- Task details
Among the entries below, the lines from the one with "Basket of blankets, yoga mat and magazine" up to and including the one with "Mężczyzna w garniturze" are to be restated exactly, without pictures.

++++ The data

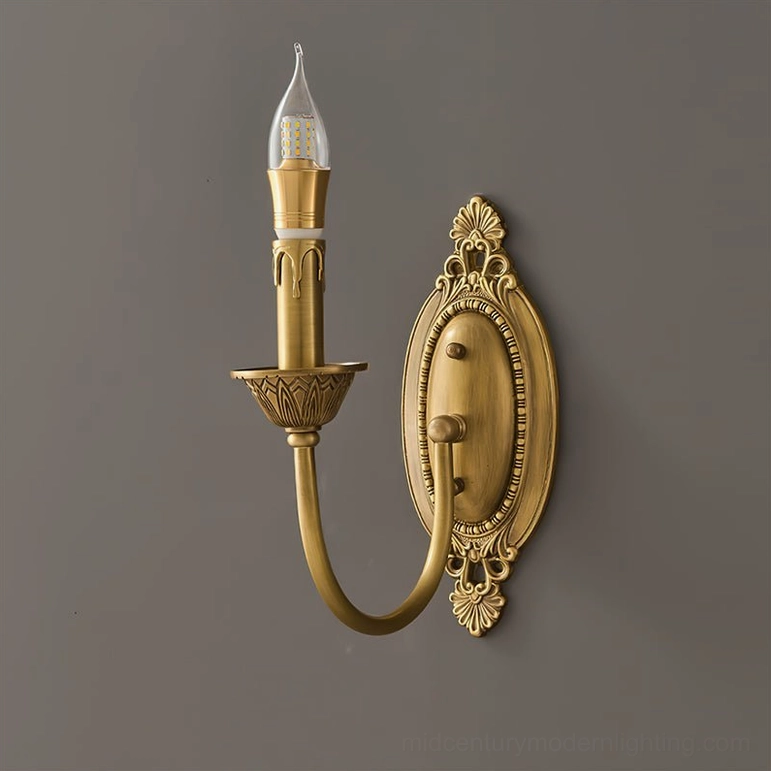 Blair brass candle wall sconce mounted on neutral bedroom wall showing warm brass finish and sculptural form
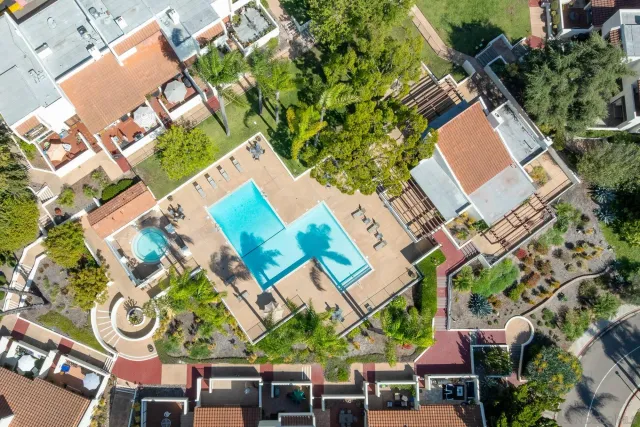 an aerial view of a city with lots of residential buildings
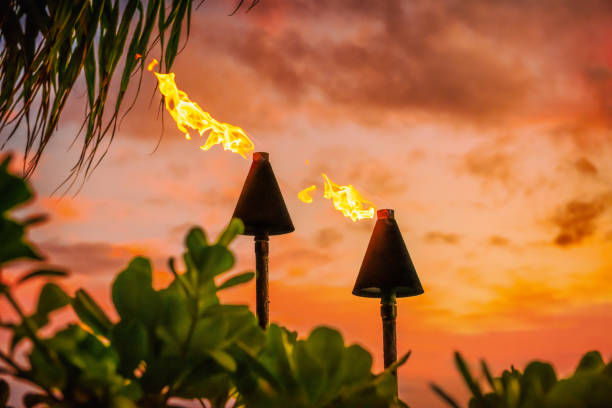 Hawaii luau party Maui fire tiki torches with open flames burning at sunset sky clouds at night. Hawaiian cultural travel vacation background. stock photo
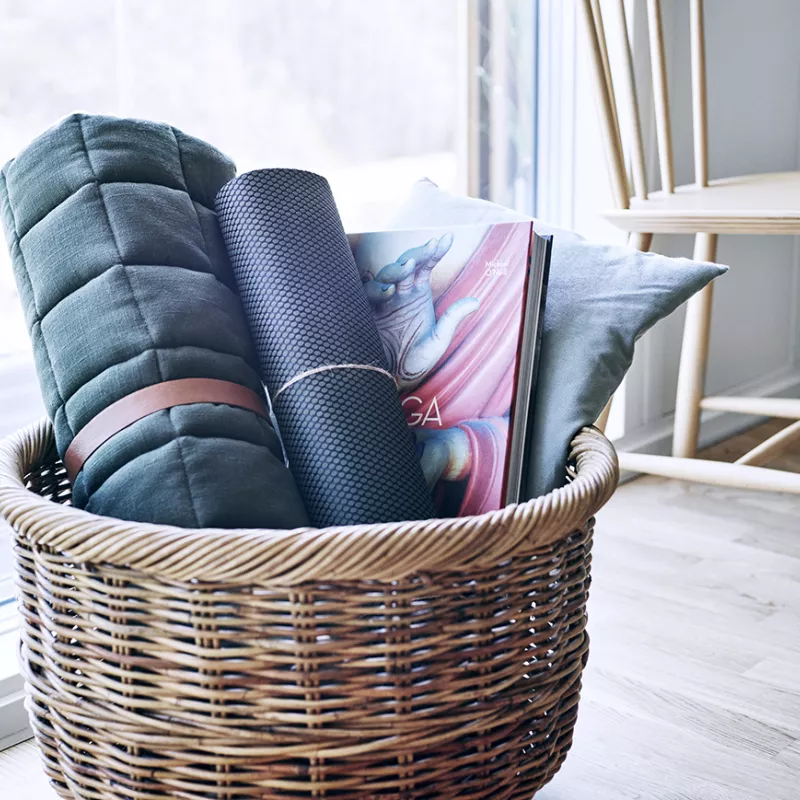 Basket of blankets, yoga mat and magazine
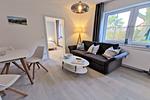 Wohnzimmer - FeWo 08 MEERferien: Terrasse - Top-Hundeurlaub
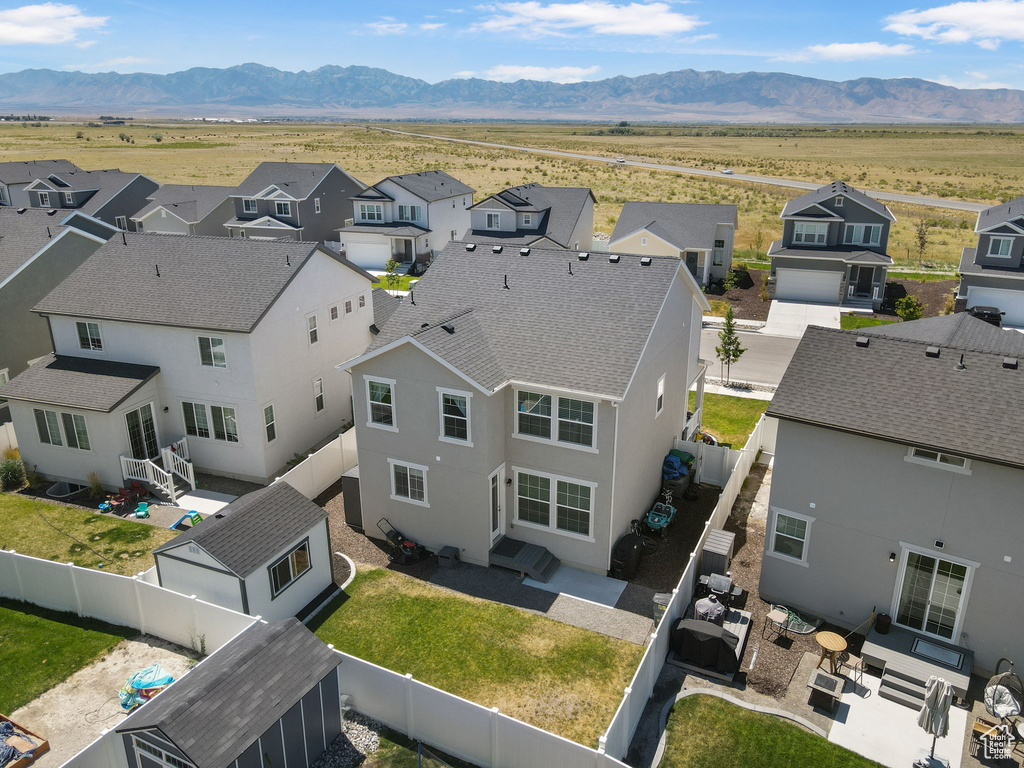 Aerial view of residential area with mountains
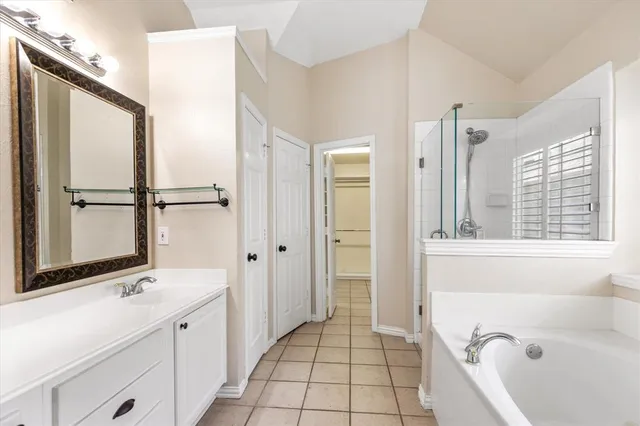 a bathroom with a tub sink and mirror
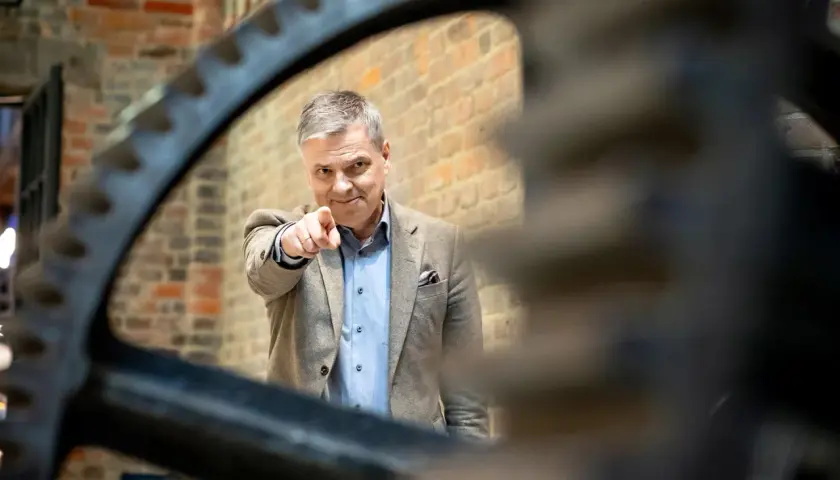 Mężczyzna w garniturze wskazuje palcem, jakby prezentował zestawienie finansowe. Za nim ceglana ściana i zębate koło.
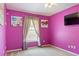 Bedroom featuring a ceiling fan, carpeted floors, and natural light from the window at 1792 Presidio Dr, Clermont, FL 34711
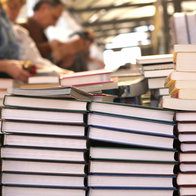Visitors browsing book stalls at Elche book fair along Paseo de la Estación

++++++++

- Solution to this task
 Basket of blankets, yoga mat and magazine
 Wohnzimmer - FeWo 08 MEERferien: Terrasse - Top-Hundeurlaub
 Aerial view of residential area with mountains
 a bathroom with a tub sink and mirror
 Mężczyzna w garniturze wskazuje palcem, jakby prezentował zestawienie finansowe. Za nim ceglana ściana i zębate koło.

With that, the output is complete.